Sheriff of Robeson County, North Carolina
- In office December 5, 1994 – December 30, 2004
- Preceded by: Hubert Stone
- Succeeded by: Kenneth Sealey

Personal details
- Born: 1946 (age 79–80) Lumberton, North Carolina, United States
- Party: Democratic Party

= Glenn Maynor =

American law enforcement officer

Glenn Allen Maynor (born 1946) is an American retired law enforcement officer and politician who served as Sheriff of Robeson County, North Carolina from 1994 until 2004.

== Early life ==
Glenn Maynor was born in 1946 in Lumberton, North Carolina, United States. He is a Lumbee Native American. He attended Magnolia High School and played on the school's basketball team, later attending Fayetteville Technical Community College and the University of North Carolina at Pembroke. He married Lois Jacobs and had four sons and a daughter with her.

== Career ==
Maynor worked for the Lumberton Police Department for about four years, first as a dispatcher and then as the department's first Native American patrol officer. He then worked as the executive director of the Lumberton Housing Authority from 1976 to 1994. He served on the Lumberton City Council from 1975 to 1994, and served as the first Native American mayor pro tempore of the city in 1981.

During his long tenure as Sheriff of Robeson County, Hubert Stone provoked the ire of the Lumbee community. Maynor challenged him in the Democratic primary in 1990, declaring his intention to improve relations between the sheriff's office and the community. Stone defeated him in a run-off and retained the office. Stone decided not to run for reelection in 1994 and reportedly favored detective Lum Edwards to succeed him. Edwards was defeated by Maynor in the Democratic primary on 31 May, receiving the overwhelming support of the Native American community and splitting the black vote, but garnering little support from white voters. He subsequently won the November general election, securing most of the support of the Native American and black electorate to defeat Republican James Sanderson. He was sworn in as sheriff on December 5, 1994, in a large ceremony in front of the Robeson County Courthouse in Lumberton. He became the first non-white person to hold the office. In his inaugural address he pledged to cooperate with other law enforcement agencies in combatting crime in the county. Responding to his status as the first Lumbee sheriff, he said, "I want to be remembered in history as the sheriff that united this county racially and brought it together." Speaking on concerns of corruption, he said, "If I think or hear of any evidence that [deputies are] taking any kind of bribe, I'll fire them."

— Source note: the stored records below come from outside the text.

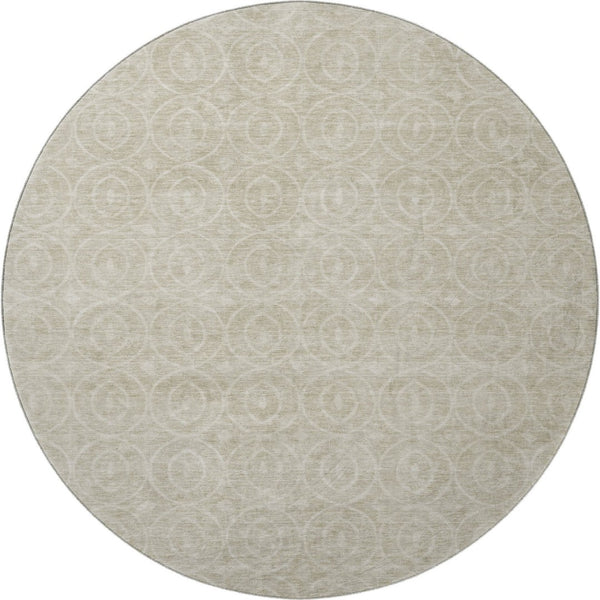 HomeRoots 8' X 8' Stylish Beige and Ivory Geometric Area Rug – Washable, UV-Protected, Pet-Friendly Design! 691863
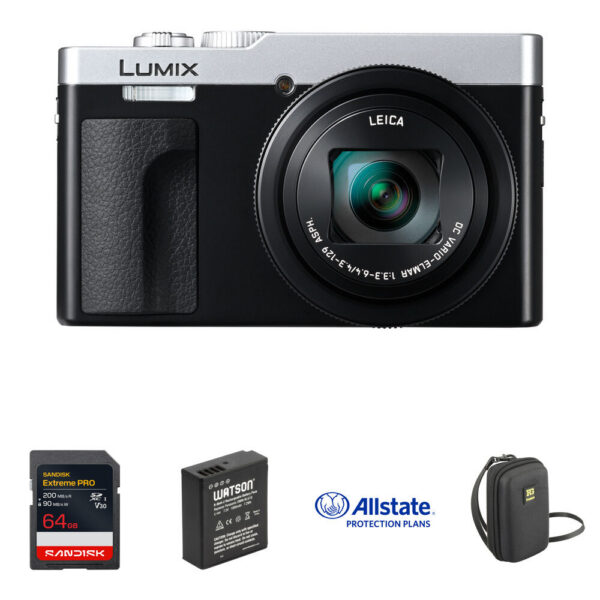 Panasonic ZS99 Digital Camera with Protection & Power Kit (Silver)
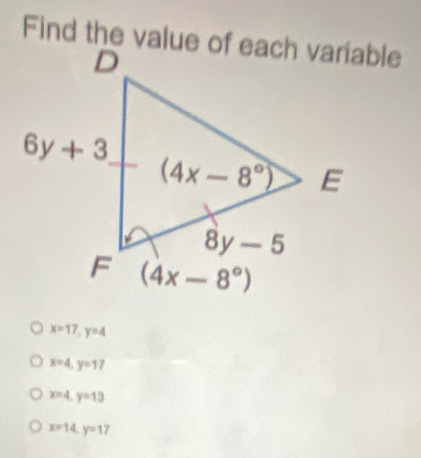 x=17,y=4
x=4,y=17
x=4,y=13
x=14,y=17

In June 1996 North Carolina Governor Jim Hunt appointed Maynor to a 21-person commission on racial and religious violence. Stone attempted to regain the office of sheriff in 1998, challenging Maynor in the May 5 Democratic primary. Maynor defeated the challenge by a large margin and faced no opposition in the general election. During the campaign he pledged to re-open the investigation into the 1988 murder of Lumbee activist Julian Pierce, but he never did so. Maynor was re-elected to a third term in 2002, securing over 60% of the vote against three challengers. Maynor resigned on December 30, 2004, citing "health reasons" centering around a heart condition. He was succeeded by Kenneth Sealey.

== Criminal conviction ==
Corruption allegations against members of the Robeson County Sheriff's Office were common by the time Maynor became sheriff. In 2002 Robeson County District Attorney Johnson Britt requested that the North Carolina State Bureau of Investigation (SBI) open an inquiry into the sheriff's department after being told by an informant that two deputies had been involved in a home invasion. The SBI then commenced Operation Tarnished Badge, which became the largest investigation of police corruption in state history. The operation discovered that sheriff's deputies were involved in stealing money and drugs from narcotics dealers and reselling the latter. Maynor was aware of some of the criminal activity of his deputies.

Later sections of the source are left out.